Object detection task, where objects in an image are located and classified (Redmon et al. 2016).
Fig. 5.1 − Object detection task, where objects in an image are located and classified (Redmon et al. 2016).

This is a difficult task, but it is very well suited to machine learning approaches, especially neural networks and deep learning. These techniques work by presenting a large amount of annotated data to the algorithm, which is able to extract from them features and patterns from which to decide the result of the procedure. Often, this means bounding boxes: rectangles that contain the object in the image, along with labels for what the detected object is. In Figure 5.1 an example of this task can be seen.

YOLO (You Only Look Once) is an algorithm for object detection that works by applying a single neural network to the full image (Redmon y Farhadi 2018). Other algorithms work in multiple steps, for example by first performing detection of possible candidates and then classifying them, but YOLO works in a single pass, making it faster and easier to use. It works by dividing the image into regions, predicting bounding boxes and label probabilities for each region, and then collating these regions and possibilities into the final list of results. Its implementation in Darknet (Redmon 2013) is very easy to configure and utilize, while retaining precision at the state of the art.

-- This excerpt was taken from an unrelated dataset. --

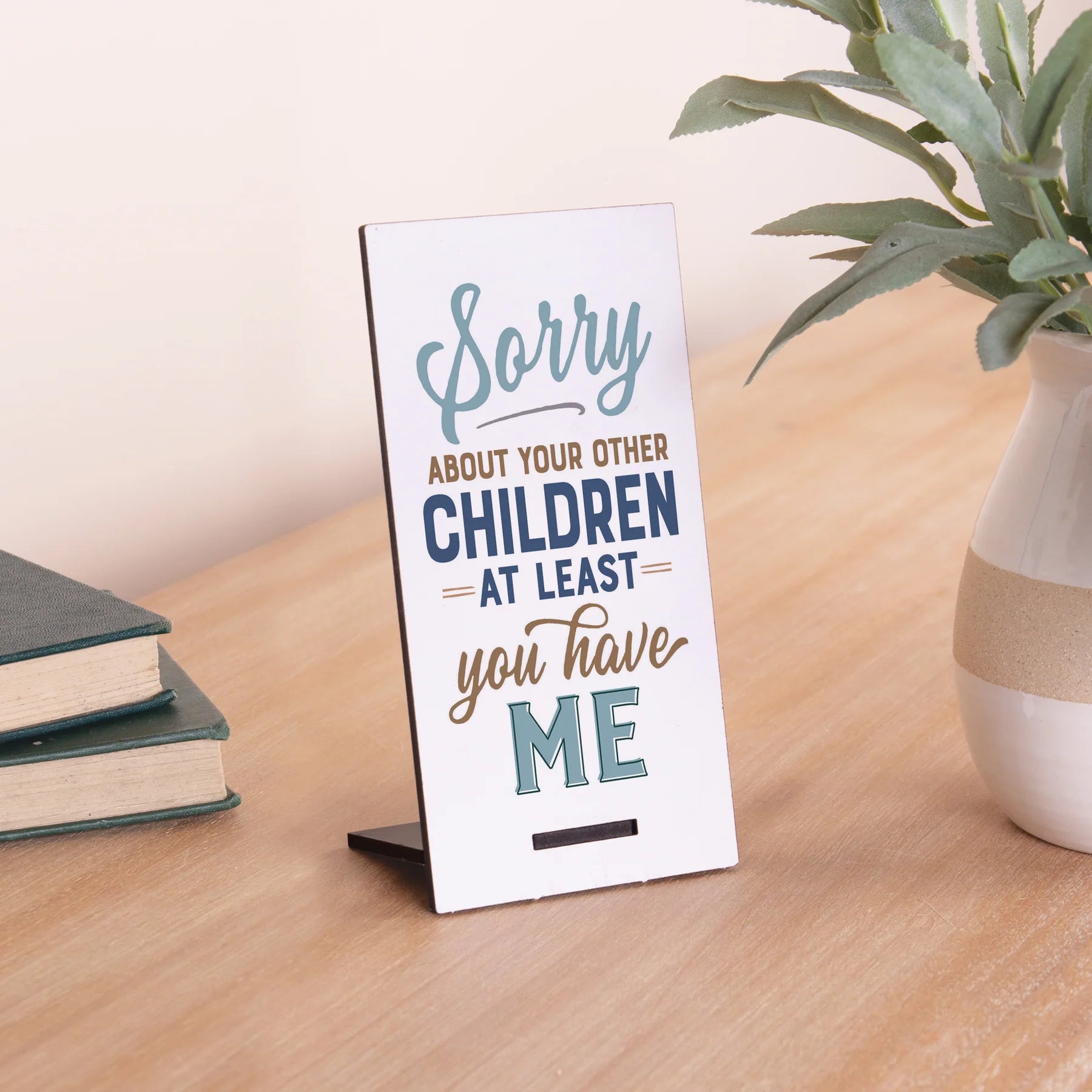 P. Graham Dunn 'Sorry About Your Other Children' Snap Sign - Ideal Gift!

This task of object detection is exactly what we need for understanding SignWriting transcriptions. They are formed by different symbols, placed relative to each other in a way that is meaningful and significant. By using YOLO, we can automatically find these symbols and their positions in SignWriting images, which allows us to further work with the meaning of the transcription instead of with the pixels of the image4.